New behavior strips cache_control for non-Anthropic/Bedrock providers and preserves per-block cache_control markers for Anthropic system messages when explicitly set. There are existing unit tests for heuristic cache_control, but none covering (a) explicit cache_control passthrough on system blocks, or (b) stripping cache_control when routing to other providers. Please add tests in prepare-request-body.spec.ts to lock in these behaviors.

coderabbitai

Actionable comments posted: 3

🧹 Nitpick comments (2)

apps/gateway/src/chat/tools/transform-response-to-openai.ts (1)
112-133: Consider using cachedTokens > 0 for hasCacheRead check.

The current logic hasCacheRead = cachedTokens !== null will emit prompt_tokens_details even when cachedTokens is explicitly 0 (no cache read occurred).
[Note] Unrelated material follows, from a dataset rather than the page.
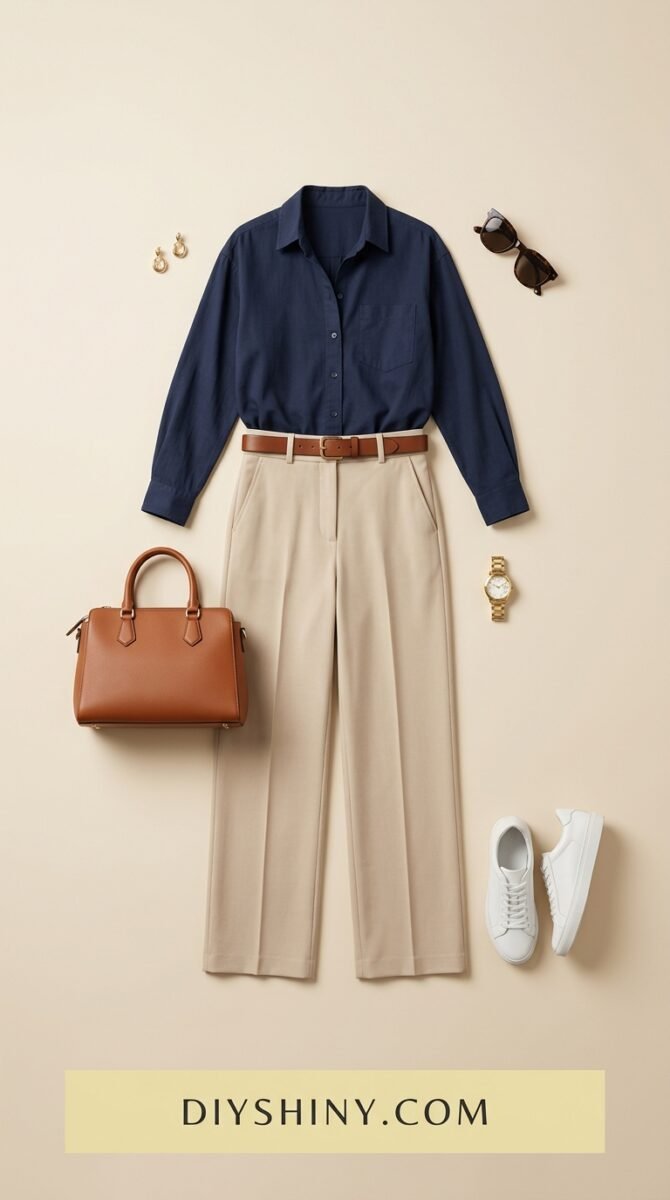 Navy button-down shirt with beige trousers white sneakers and brown handbag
This differs from hasCacheCreation which checks > 0.

For consistency and to avoid emitting empty cache details, consider:
-	const hasCacheRead = cachedTokens !== null;
+	const hasCacheRead = cachedTokens !== null && cachedTokens > 0;
However, if the intent is to always include prompt_tokens_details when caching is enabled (even with zero reads), the current behavior is acceptable.
🤖 Prompt for AI Agents
Verify each finding against the current code and only fix it if needed.

In `@apps/gateway/src/chat/tools/transform-response-to-openai.ts` around lines 112
- 133, The current check uses hasCacheRead = cachedTokens !== null which will
treat cachedTokens === 0 as a cache read and cause prompt_tokens_details to be
emitted; change the predicate to require a positive token count (e.g.
hasCacheRead should use cachedTokens > 0) so prompt_tokens_details is only
included when there are cached tokens, keeping hasCacheCreation
(cacheCreationTokens > 0) consistent with cachedTokens; update any logic
referencing hasCacheRead and ensure prompt_tokens_details still includes
cached_tokens and conditionally cache_creation_tokens as before.
apps/gateway/src/native-anthropic-cache.e2e.ts (1)
29-33: Please replace the new any-typed helpers with small response shapes.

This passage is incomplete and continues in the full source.